Tuesday, March 2, 2021

Cupid and the Sleeping Racist


(Cursed to forever chase what we can not know)


I feel guilty writing a post this morning after posting such a poor one from last night/yesterday, but what can a blogger do? The blog must go on. I have chosen an article that CS sent as the basis for today's post. We will see where that takes us. 


So much that I had learned concerning racism while growing up is now considered inadequate, or worse: iniquitous. Merely treating people with respect and as social equals, we are now informed, is just another way of ignoring your implicit distaste for others, which masks your desire to subjugate them. There is no need to register or record this unconscious merging of distaste and desires, it informs all that we do and think and can possibly know on the subject, but does so mostly without our conscious knowledge. Race is today's Victorian sex. It secretly controls all of our motivations. Just look around and you will see evidence of it everywhere. Denial is the ultimate proof of its existence, and what attaches its strange power to its willfully unwitting adherents.

So, to be clear, I am not denying the existence of racism, nor would I. I'm just not entirely sure that it functions in the manner which we are currently being told it does. I am convinced that there is some truth to the claims that racism affects each of us in ways we do not quite understand, and yet I also feel that these claims are not enough to satisfy the burden of proof that it controls our conscious minds without our knowledge.  Racism exists. That much seems abundantly clear. Does it drive all social interactions? Of that, the evidence is scattered and difficult to collect in an empirical manner. We must each trust our feelings, in spite being told that is the very danger we face. Not all feelings are created equal.  

But you're white!, cries the chorus, Just like the Trumps! That I refuse to acknowledge this basic social/racial fact is proof positive of my inherent moral failings. All that it takes is to interact briefly with racially informed individuals and they will point to this always conversation-aborting fact. You must be woke if you hope to avoid racial slumber. 

Those who have studied the matter seem to conclude that race is a biological fiction, that the term is used mostly as one of social convenience. I do not mean that having a particular race is convenient, only that the term is used to describe people whose ancestral lineage stems from various and differing places on earth. Once you move past the arbitrary quality of skin color the science is, for the most part, settled. Race is no longer a scientific question or matter for serious biological inquiry. It simply does not exist in the way that it is being discussed in social circles. In this case, we are not encouraged to trust the science, because it also lacks the unquestioned objectivity that only the woke can provide. One must swear allegiance with, and demonstrate sufficient levels of, anti-racism to have the mob move on to seek allegiance elsewhere. Once the dialectic of racist/anti-racist has been firmly established, the conversation can then proceed. 


I have some familiarity with how these type of morally oppositional dynamics are formed.
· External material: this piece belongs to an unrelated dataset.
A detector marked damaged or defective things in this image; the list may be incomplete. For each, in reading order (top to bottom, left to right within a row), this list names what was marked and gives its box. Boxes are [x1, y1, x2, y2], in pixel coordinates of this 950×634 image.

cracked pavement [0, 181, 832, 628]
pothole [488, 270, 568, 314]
Many may see the following analogy as insulting and indicative of the very problems they are describing. I hope so. That connection is vital to the point I am trying to make. 
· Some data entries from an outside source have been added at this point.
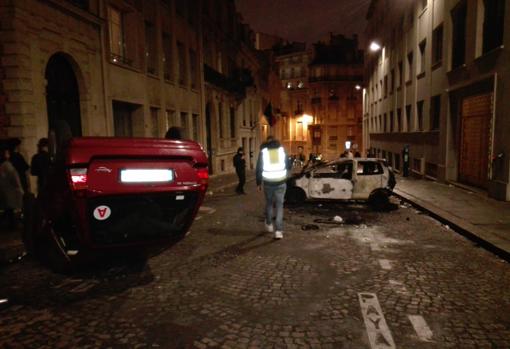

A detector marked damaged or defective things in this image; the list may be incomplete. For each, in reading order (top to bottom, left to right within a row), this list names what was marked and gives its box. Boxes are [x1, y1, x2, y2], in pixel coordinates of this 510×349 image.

overturned red car [22, 135, 208, 270]
burnt car wheel [284, 188, 304, 204]
burnt car door [306, 161, 354, 198]
burned white car [284, 159, 396, 208]
burnt car door [352, 160, 384, 198]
When I was a barely pubescent teenager I walked around my hometown with an evangelical Christian group and stopped random people to discuss "the sin of abortion." We were given brief huddle-style training on how to frame the questions and how to respond when anyone posited rationale over morality. The sin of killing babies was where to keep the conversation headed. Do not let the demonic forces of reason dissuade from God's righteous purpose, etc. 

It did not seem to matter to the youth instructors that engaging random people in this way might cause some emotional anguish. That was the point, to find a way in that precluded any response other than guilt and shame, even if it was only just the sins of pride or apathy. Always it was pride and apathy that kept the sinful from accepting their sins. Sin blinds its victims to its curse. Once the morality of the issue had been successfully bifurcated and Satan kept at bay by His eternally loving sacrifice there was only the individual coming to Jesus left to see through to its glorious completion, usually with hands-on public and private prayer. 

It is impossible to say how many souls I saved, though my guess is fewer than one.